Rice Football overcomes 5-hour delay to knock off Navy

November 2, 2024 By Matthew Bartlett

Rice football persevered through a five-hour delay and a water-logged field to knock off Navy in the Owls’ first game under interim head coach Pete Alamar.

The rain eventually let up, but Rice football never did. Despite the adversity of an in-season firing and a game against a Navy team previously unbeaten in conference play, the Owls took the Midshipmen to deep water and drowned them in the Houston storms. The win was the first for Rice over Navy since 2002 and the first-ever career win for interim head coach Pete Alamar. Here are a few immediate reactions from the game:

Hours, not minutes

When he met with the media on Tuesday for the very first time as interim head coach, Pete Alamar made a vow to all assembled. “A Pete Alamar led football team is going to fight their butt off for 60 minutes or however long it takes,” he said. Little did anyone know much more than 60 minutes would be required for the Owls’ interim head coach to make good on that declaration.

Rice football was scheduled to host Navy, undefeated in conference play, at 3:00 PM CST on Saturday afternoon. That start time came and went as roving thunderstorms took turns abusing South Main. The ball was finally kicked at 5:30 pm but the Owls were only permitted one drive, which ended in a punt, before the weather forced both teams to their locker rooms for another hour.

When play resumed — three and a half hours after the original kick time — Tyson Flowers intercepted Navy quarterback Blake Horvath’s first attempt. Rice ran three plays and got the ball inside the five-yard line before lightning again forced an extended delay.

In total, the delays would last five hours and six minutes, approximately 20 minutes shy of the longest recorded weather delay in college football history. The stadium clock read 8:39 pm when the ball was snapped and Dean Connors sprinted off tackle for the opening touchdown. Rice took the lead on that play and never let up.

Hours upon hours of frustration and angst following the dismissal of head coach Mike Bloomgen earlier in the week boiled over in an outburst that would not be quelled. Led by an interim head coach, the Owls posted their most impressive win of the season.

Offensive explosion

That outburst would not have been possible without precision execution from the Owls’ offense once the game truly began in earnest. Rice built on Connors’ touchdown run with a hook-and-ladder conversion on third and long to set up a pin-point touchdown toss from EJ Warner to Matt Sykes between double-coverage.
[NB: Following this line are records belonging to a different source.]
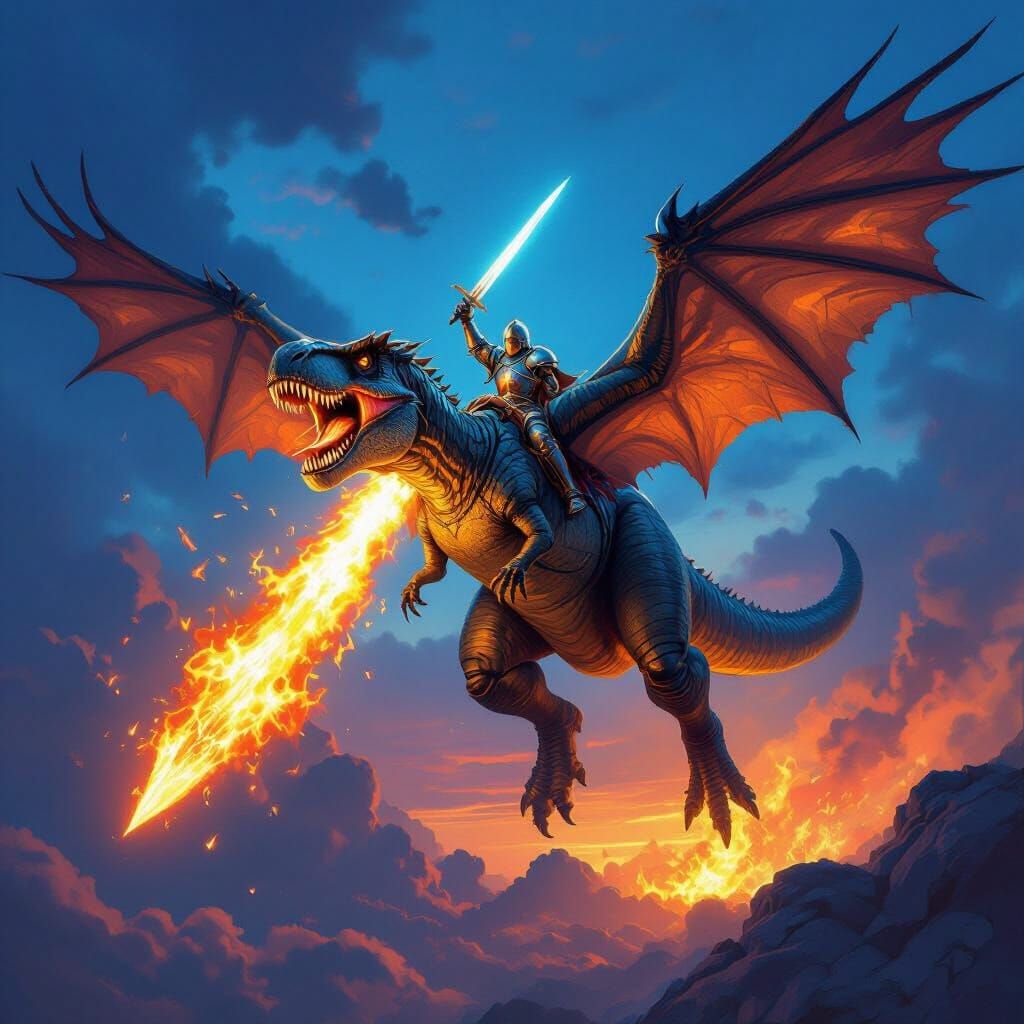 Flying T-Rex with Knight and Fiery Breath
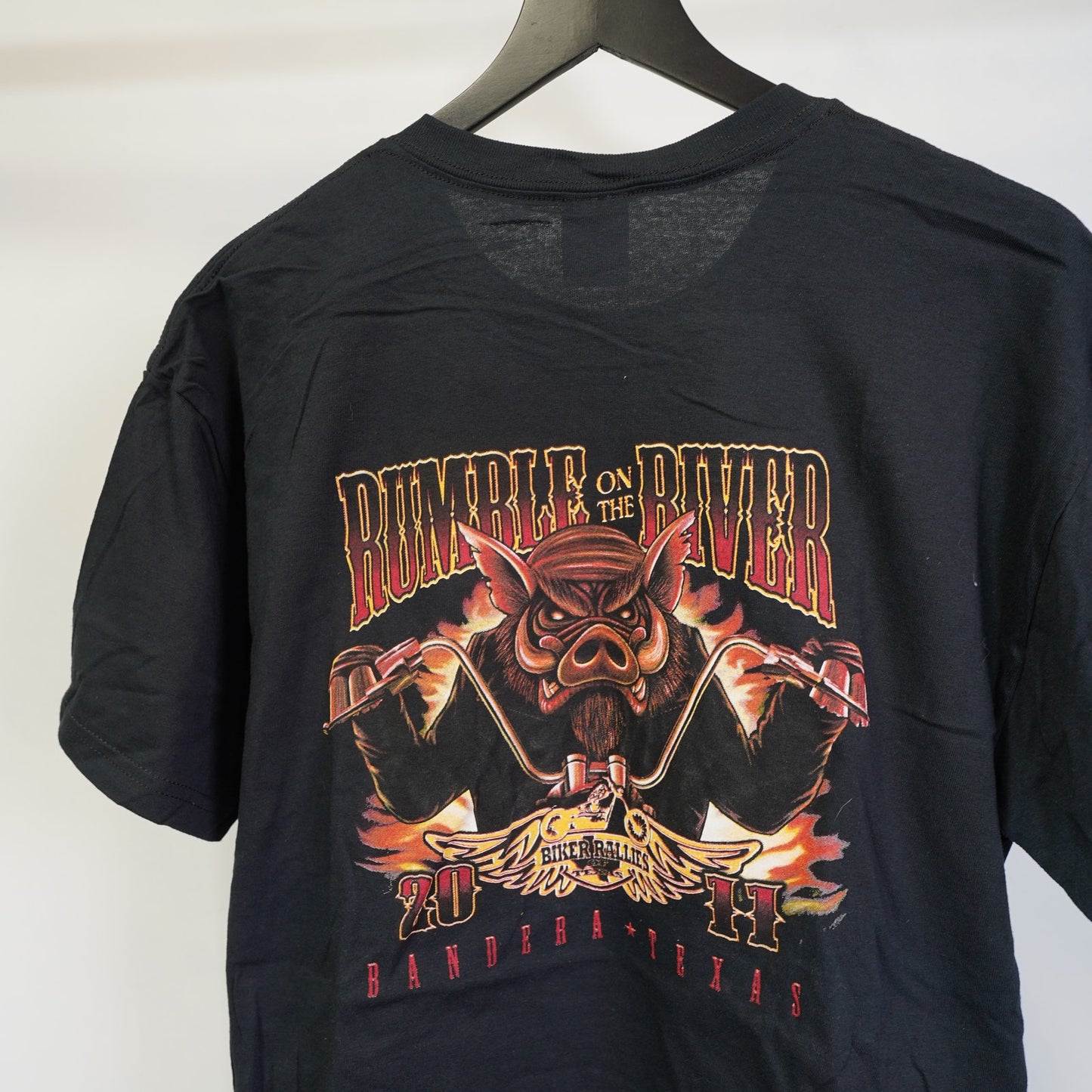 (L) Vintage Hog Biker Rumble on the River Motorcycle T-Shirt Men's L Black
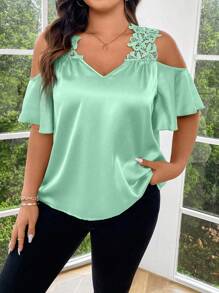 SHEIN Clasi Plus Size Women Contrast Lace Off Shoulder Short Sleeve Elegant Blouse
Tim Horn tacked on a 47-yard field goal on the Owls’ following possession. Just like that, the double-digit home underdogs had a three-score lead over one of the league’s three remaining unbeaten teams.

The offense was held in check for the next four drives. Navy was more disciplined on defense during that time, but they were also aided by an incredulous interception by Warner, who threw into double coverage in the endzone on a first down play in which his receiver was beaten off the line and never had a chance to play on the ball.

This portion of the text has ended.